In these respects, the war in Afghanistan is not so unusual. The Pentagon never used more than about 100,000 troops (accompanied by a smaller number of allied forces) in that country, and that “surge” was but a blip in the history of a 20-year campaign. The US always fought within tight political constraints — choosing not to target the Taliban’s bases in Pakistan, for instance, and calibrating the level of force that could be used without alienating the Afghan population. The Taliban absorbed horrific human losses, but inflicted costs that an overstretched global superpower eventually tired of paying.
Does this mean the US should never fight limited wars? Not really.
Limited wars are typically kept limited for sensible purposes: To avoid catastrophic escalation, to prevent an out-of-the-way conflict from monopolizing America’s power and attention, to avoid using tactics that would shock the conscience of a democratic society. And simply abstaining from limited uses of force would leave the US unable to defend its interests against an array of violent challenges.
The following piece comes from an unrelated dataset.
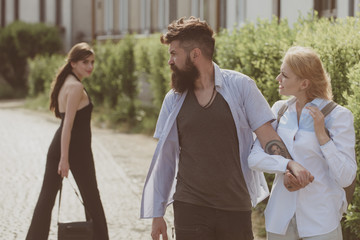 Wall Mural - A bad boy. Love triangle and threesome. Bearded man looking at other girl. Man cheating his wife or girlfriend. Hipster choosing between two women. Betrayal and infidelity. Unfaithful love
Admittedly, some of America’s limited wars (most notably, Vietnam) were strategic failures by any reckoning. But others, such as Korea, resulted in more success than failure, by stymying communist aggression that could have seriously destabilized a fragile postwar world. Still others, such as Afghanistan, sit somewhere between the two. All of which means that the careful exercise of strategic judgment, however imperfect, is a better prescription than some blanket prohibition.
For better and for worse, being a global superpower involves fighting conflicts that matter a great deal more to the enemy than they do to the US. The frustrations that America has encountered in Afghanistan aren’t a product of post-9/11 delusions: They are more normal than either critics or supporters of that mission might like to admit.